僕に関して言えば意識しすぎなのは判っているが、そこはどうにもならないところだ。
かしこまってカフェラテを飲んでいる僕に山葉さんが言った。
「ウエポンの件だが、彼女はリサチンと海に行けなかったのが心残りだと言っていたのだな」
「ええ確かにそう言っていました」
「私は、ウエポンに事故を起こさせているのは里沙さんだと思う。彼女にも納得して貰うには一緒に湘南あたりの海に連れて行って、ウエポンの望みを叶えた上で転生させたことを知らせようとおもう。今度ウエポンがウッチーの所に姿を現したら、そのことを知らせて連れてきてくれないか」
「どうして彼女が原因なんですか」
「里沙さんの友達への思いが、高齢の運転者のいる現場にウエポンを引き寄せているのだ。本人はそこまで意識していないはずだが、彼女の潜在意識がこの現象を引き起こしているのだと思う」
「でもウエポンは関東周辺じゃなくて珊瑚礁で熱帯魚が泳いでいるような綺麗な海に行きたいと言っていましたよ」
山葉さんは腕組みして考えていたが、やがて言った。
「それなら、ウッチーと去年泳いだ私の故郷の海に連れて行こうか。
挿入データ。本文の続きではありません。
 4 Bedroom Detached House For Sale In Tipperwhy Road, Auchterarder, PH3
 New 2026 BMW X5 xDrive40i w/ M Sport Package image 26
あそこなら珊瑚礁と熱帯魚なら揃っている。そのうえで、ウエポンを連れて行くには依り憑いているウッチーにも来て貰った方がいい。一緒に来てくれるか?」
幽霊と一緒に旅をするのは気が乗らなかったが、僕の脳裏に去年一緒に泳いだときの山葉さんの水着姿がちらついた。
「行きます」
即答した僕に彼女が微笑んだ。だが、僕には疑問があった
「でも、そこまでする必要があるんですか。最初山葉さんは連れてきたウエポンをそのまま神上がりさせようとしていましたよね」
「今回の件で、本人が望まないのに転生させようとするなど、おこがましいことだと気がついたのだ。本人が納得してからでないと、いざなぎ流で召喚する神々すら手を貸してくれないことを思い知らされた。所詮、私は神ではないからね」
山葉さんの言葉は自嘲気味に聞こえたが、彼女は言葉とは裏腹にやりがいを感じているようだった。